- Contributed by
- Kent Libraries- Shepway District
- People in story:
- Pamela Ellis
- Location of story:
- Article ID:
- Contributed on:
- 22 August 2003
The following is a memoir from Pamela Ellis. It was typed by Fiona McNeill of the Folkestone Heritage Team and added to the site with the author's permission. The author fully understands the site's terms and conditions.
Our house was built in the middle of a Golf Course in 1929, and permission had to be otained from the then Southern Railway who owned the land before we were able to build.
There were no mechanical aids in those days for maintaining the Fairways. Sheep grazed, and the groundsmen used long handled wide shovels to clear them. A great bay horse named Joey was used for work, and had leather overshoes so as not to mark the ground. Every green was mowed with a hand propelled machine, and after use was put onto a small two wheeled metal carrier and pushed to the next green.
In 1939 the golf course was closed and was not reopened until 1964, when it was redesigned by the late Henry Cotton.
During the 1930's we had a Cook-General who was paid £1.00 a week, she did however live in, and our Gardener came for an eight hour day for 10 shillings. Before coming to us he had already worked for an hour in the nurseries of a firm called 'Duruz and Sons', a Swiss family concern in the Seabrook Road in Hythe.
Our Gardener, being too old to be called up, continued to work for us throughout the War.
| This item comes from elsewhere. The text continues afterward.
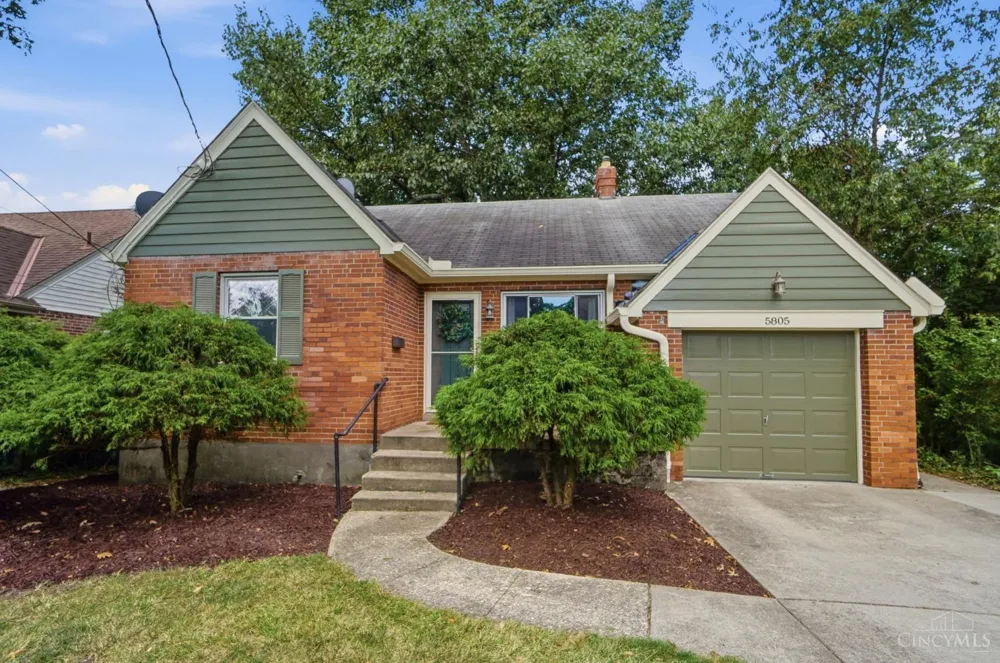 5805 Valley View Avenue Cincinnati, OH 45213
He often had to get onto our roof to straighten shifted pantiles due to the vibration from bombs and gunfire. He said he could feel the roof lifting if he was still up there when the guns started up again.
One interesting feature of the War was the fact that our cat used to retire under the grand piano long before we could hear a Doodlebug. He was our advance warning system.
We had two groups of American Ack Ack nearby and an English Gun Crew opposite the house. We used to let the boys in for baths and allowed them to use our dining-room in the evenings to read and play darts.
One of the War efforts in Hythe was to sell Saving Stamps, price two shillings and sixpence, to stick onto a bomb to be dropped on Germany. We had a glut of strawberries that year and my Mother and I stood outside the Town Hall, and gave one fruit to everyone who bought a stamp.
My parents were both in the A.R.P. My father was at Headquarters in a house in Saltwood. My Mother drove her own car throughout the War, as a Casualty Car, and had to tow the Mortuary trailor.
One bomb dropped on the Arcade in the middle of town killing several people. I was standing in the garden at the time. [I] saw this giant mushroon of smoke, and when it dispersed, pieces of patterns and shop bills blew into the garden on a Southwest wind. One shop that was destroyed was the Bodsham Farm Shop. A girl assistant was badly cut about the face and neck. My Mother who was in a shop two doors away took her to the Dressing Station, and heard later that a piece of glass that was embedded in her throat, she had mounted as a brooch.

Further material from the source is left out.